Segment Start: DATA FOR ANALYSIS
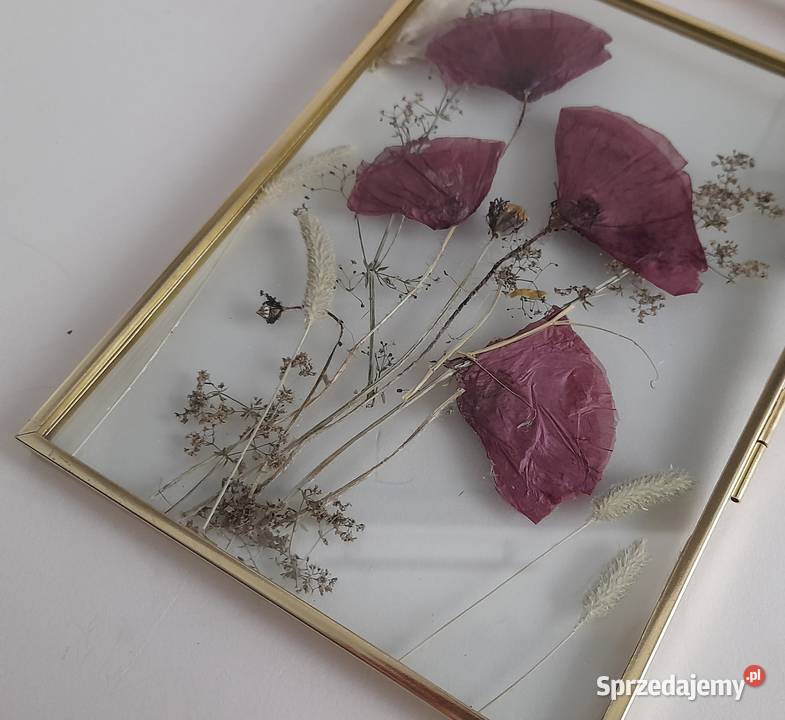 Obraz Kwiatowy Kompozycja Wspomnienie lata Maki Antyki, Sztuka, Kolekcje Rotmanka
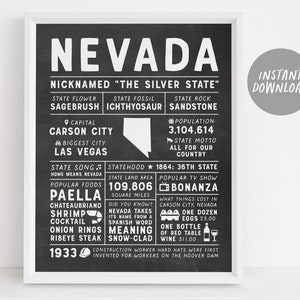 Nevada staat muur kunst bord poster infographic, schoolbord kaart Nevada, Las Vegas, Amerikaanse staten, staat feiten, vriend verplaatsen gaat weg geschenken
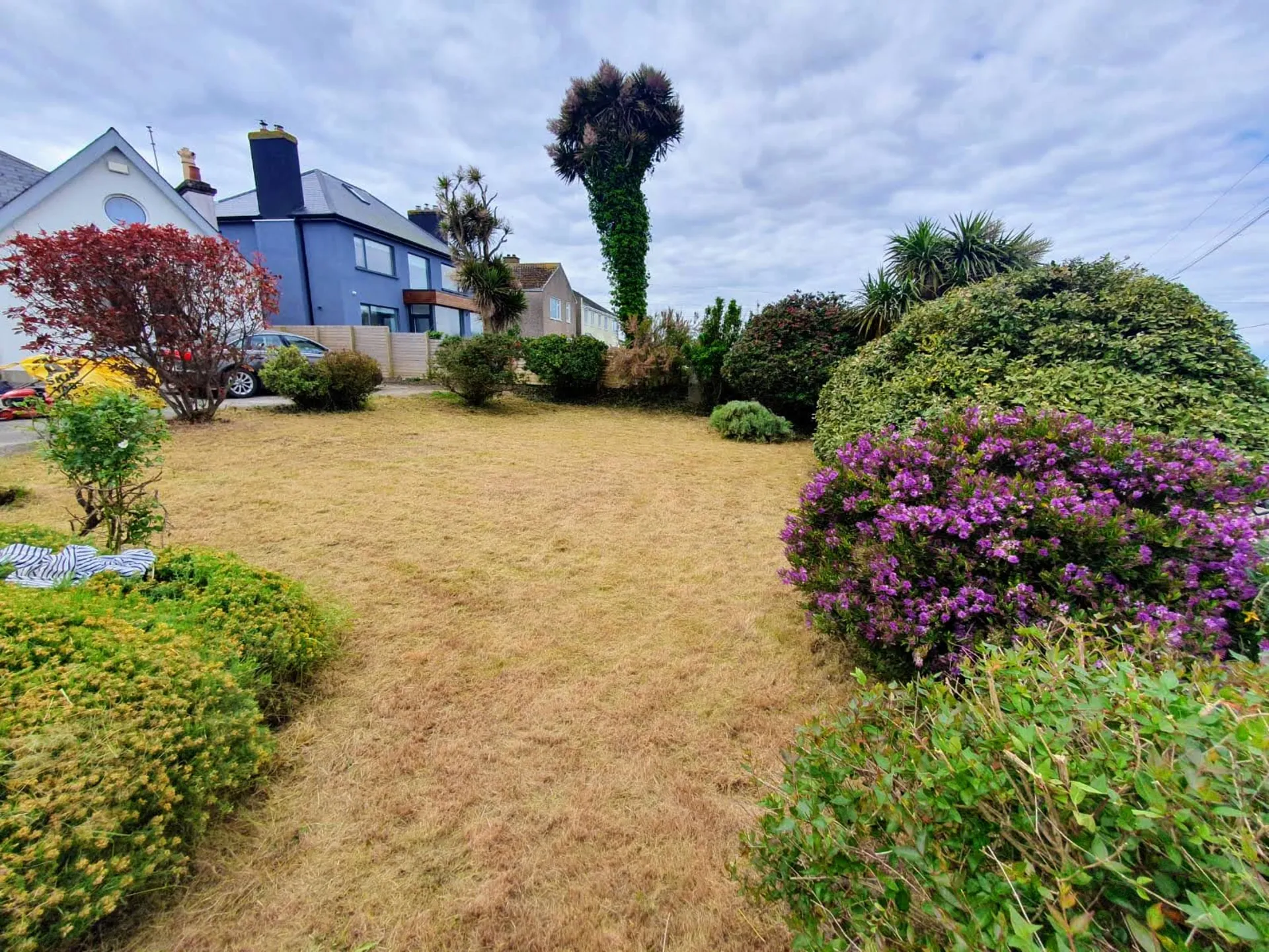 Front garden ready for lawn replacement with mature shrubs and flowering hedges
Segment End: DATA FOR ANALYSIS
Segment Start: DATA FOR ANALYSIS
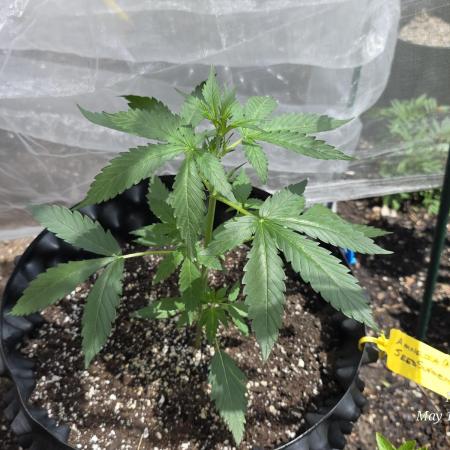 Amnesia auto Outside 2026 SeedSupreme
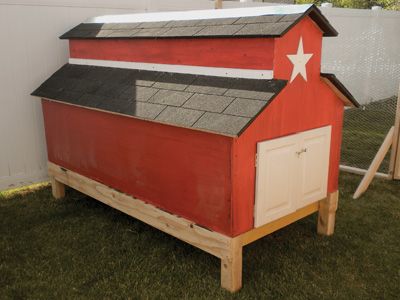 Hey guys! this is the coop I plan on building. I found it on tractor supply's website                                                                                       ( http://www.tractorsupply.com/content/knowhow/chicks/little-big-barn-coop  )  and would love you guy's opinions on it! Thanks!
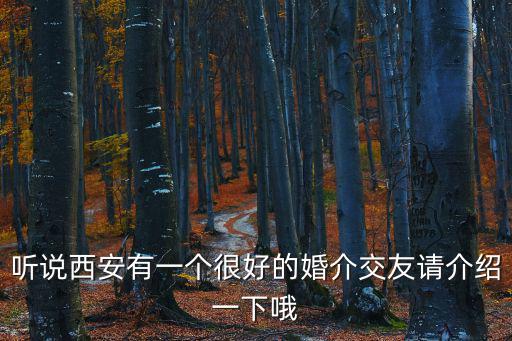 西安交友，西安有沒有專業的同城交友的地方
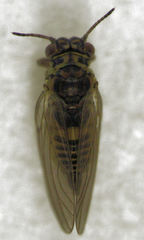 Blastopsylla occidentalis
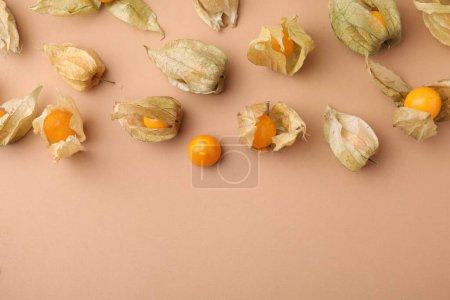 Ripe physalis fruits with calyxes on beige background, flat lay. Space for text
Segment End: DATA FOR ANALYSIS
Segment Start: DATA FOR ANALYSIS
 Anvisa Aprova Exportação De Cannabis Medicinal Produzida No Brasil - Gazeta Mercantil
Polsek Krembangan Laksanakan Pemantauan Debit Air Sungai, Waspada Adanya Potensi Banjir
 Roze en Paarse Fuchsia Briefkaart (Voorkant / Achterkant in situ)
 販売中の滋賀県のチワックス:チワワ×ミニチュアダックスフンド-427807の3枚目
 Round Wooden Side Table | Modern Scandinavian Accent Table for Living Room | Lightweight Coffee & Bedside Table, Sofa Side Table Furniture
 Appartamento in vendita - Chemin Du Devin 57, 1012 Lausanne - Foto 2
Segment End: DATA FOR ANALYSIS
### WHAT IS EXPECTED
Take the material above from the line containing "Obraz Kwiatowy Kompozycja" up to and including the line containing "Front garden ready" and retype it exactly, without any pictures.

### OUTPUT FOR THIS TASK
 Obraz Kwiatowy Kompozycja Wspomnienie lata Maki Antyki, Sztuka, Kolekcje Rotmanka
 Nevada staat muur kunst bord poster infographic, schoolbord kaart Nevada, Las Vegas, Amerikaanse staten, staat feiten, vriend verplaatsen gaat weg geschenken
 Front garden ready for lawn replacement with mature shrubs and flowering hedges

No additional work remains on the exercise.